Africa's limited infrastructure for distilling and transporting fossil fuels is one of them, the study found.
But Robert J. van der Plas, an energy consultant in the Netherlands, disagreed. In a review of the Bailis team's study, he wrote that "kerosene is available in every nook and cranny of the urban and rural environment" in Africa.
The real problem, he noted in a study of energy use in Chad published earlier this year, is money. "A household would have to at least double its cooking fuel budget to switch to modern fuels, and there are not many households willing -- or able -- to do this."
As long as a switch to petroleum-based fuels is out of reach economically, Bailis and his team believe that in sub-Saharan Africa, the next best approach would be to switch to charcoal.

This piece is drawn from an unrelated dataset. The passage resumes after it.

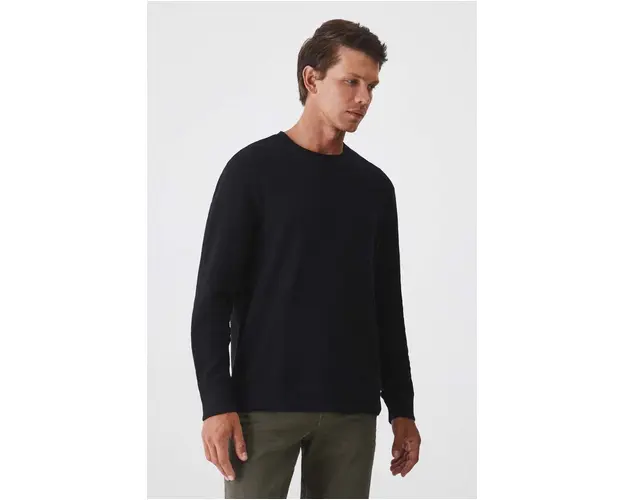 Medicine longsleeve barbati, culoarea negru, neted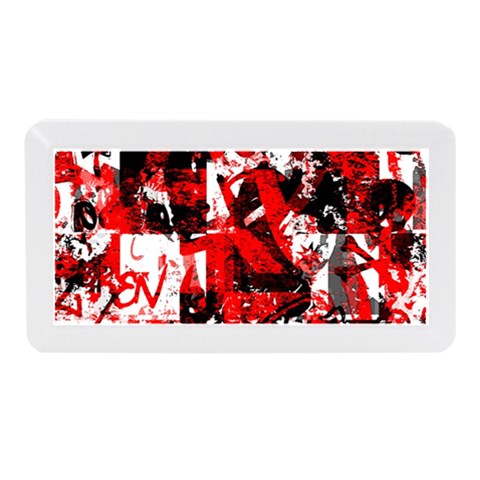 Red Graffiti Memory Card Reader (Mini) from ArtsNow.com Front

It offers twice as much energy per unit of weight, Bailis said. It resists rot, termites will not eat it, "and compared to wood, it's fairly clean-burning."

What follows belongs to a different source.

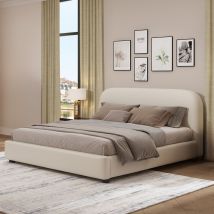 ACME BD03901EK Arden - Eastern King Bed - Beige Fabric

Depending on how quickly the transition took place, the researchers said, using charcoal could prevent 1 million to 2.8 million premature deaths.
Switching from wood to charcoal, however, raises another set of issues.
To make charcoal, one or two men usually cut down a tree, light it, cover it with dirt and wait a few days for the end product -- a method that creates significant air pollution. However, if you "increase the efficiency of charcoal-making, you can improve health without having large environmental consequences," said Ezzati, an assistant professor at Harvard's School of Public Health.
Bailis also acknowledged that wider use of charcoal would do little to reduce deforestation. "We want the people who make these policies . . . to think about what kind of land-management policies can be put in place . . . for sustainable energy," he said.
WHO points out that reducing indoor air pollution would make progress toward at least half of the millennium development goals for improving the health and welfare of poor people everywhere, which each United Nations member pledged to reach by 2015. The less time women spend collecting fuel, the more time they have for education or careers, thus fighting poverty and promoting gender equality. The less smoke children breathe, the more likely they are to live to adulthood.
Success could raise the pall from millions.